The Workhouse Arts Center in Lorton is a working arts studio, performance and exhibition space located in a historic building that was once a correctional facility. Detainees once held there included 168 suffragettes from the National Woman’s Party arrested for picketing the White House for women’s voting rights. Today the center houses more than 150 working artists and welcomes visitors to tour the studios, participate in arts classes and workshops, and attend musical theater performances.

Event rental areas include the McGuire Woods Gallery, which features large windows, hardwood floors, an audio system and USB-compatible TV, and accommodates receptions for up to 200 guests. Other choices include Ritzer Pavilion, an events tent with removable side panels; Vulcan Muse, a space for small lectures and presentations; and W-3 Theater, which converts from a 100-seat theater to a banquet space for up to 50 guests.

Center for the Arts Concert Hall, George Mason University, Fairfax

Located on the main campus of George Mason University in Fairfax, the Center for the Arts Concert Hall is adaptable for uses that include conferences as well as symphonic, operatic and theatrical performances.

The nearly 2,000-seat venue features an expansive lobby available for receptions as well as a second-floor balcony area holding up to 125 for a seated meal. The facility also includes the 460-seat Harris Theater, a space conducive for speaking events as well as musical recitals.

Angelika Film Center & Cafe at Mosaic, Fairfax

This cinema theater complex in Fairfax’s hip Mosaic district offers eight auditoriums equipped with plush stadium seating, high-definition projectors, Dolby sound, customizable lighting, computer networking and projection, lecture podiums, set-ups for panel discussions and other amenities.

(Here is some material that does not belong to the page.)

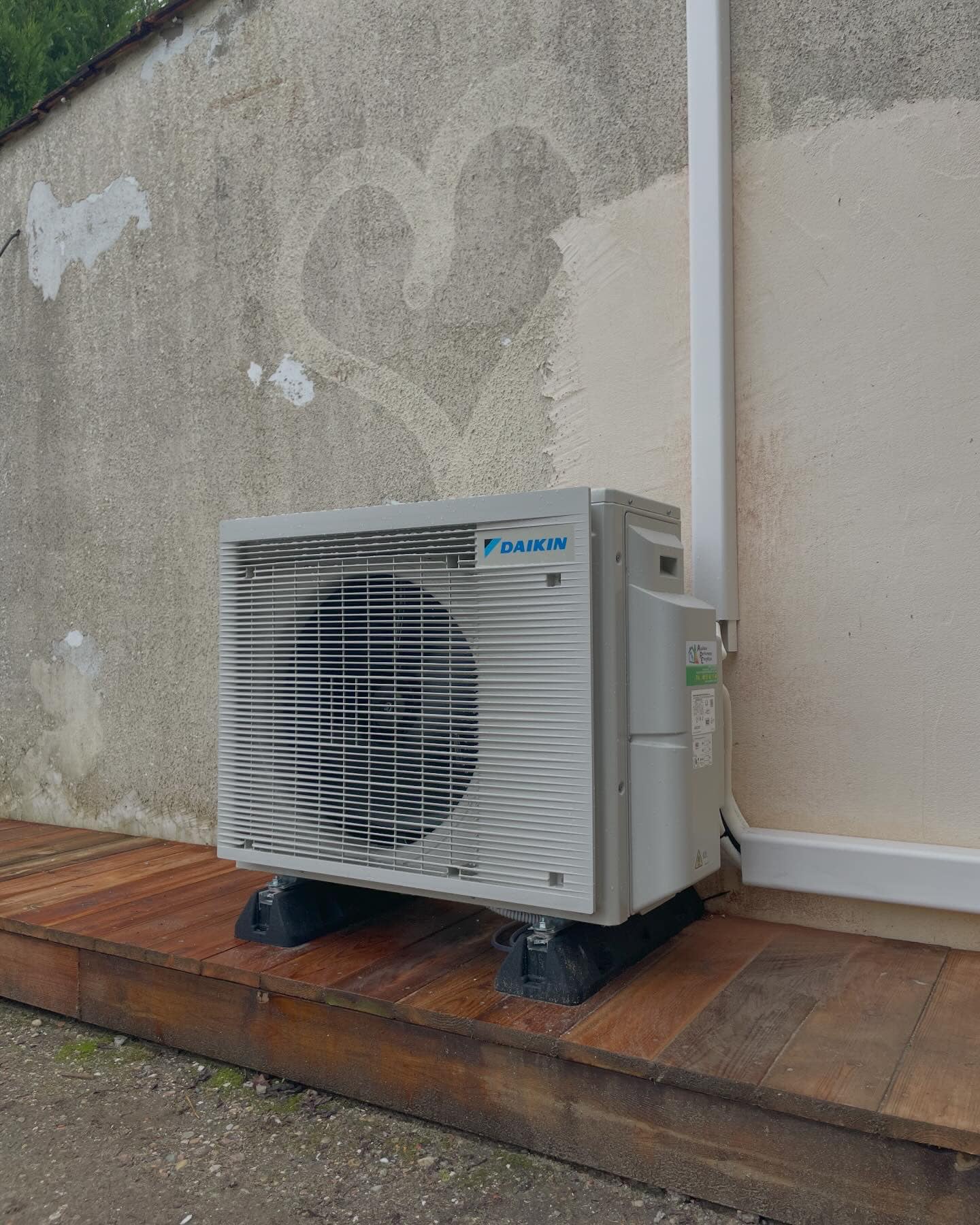 Installation d&rsquo;une pompe à chaleur air air multisplit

Along with traditional movie snacks, groups can enjoy global fusion cuisine created by chef Lee Anne Wong, a frequent competitor on the Top Chef  TV series, in the theaters or the on-site cafe.

Riverside Center for the Performing Arts, Fredericksburg

A popular dinner theater venue, Riverside Center presents Broadway-style productions preceded by a three-course plated meal served by wait staff. The 400-seat theater offers group ticket discounts and has scheduled evening performances on Thursday through Saturday and matinee performances on Wednesday and Sunday. Along with two function rooms accommodating up to 150 guests, Riverside can host large functions, including tradeshows, banquets for up to 675 people and meetings requiring videoconferencing support.

Tally Ho Theatre, Leesburg

A landmark Art Deco former movie palace that opened in downtown Leesburg in 1932, Tally Ho Theatre was recently converted into a venue for live music, theater and event rentals. The facility accommodates up to 350 for a seated dinner and up to 600 for cocktails, and offers the ability to record events. Catering is provided by its affiliated restaurant Tally Ho Taco.

Franklin Parks Arts Center, Purcellville

This timber-framed venue in Purcellville’s Franklin Park presents concerts and theatrical productions. The auditorium provides stadium seating for 263 people and there is also a 2,500-square-foot art gallery/lobby available for receptions.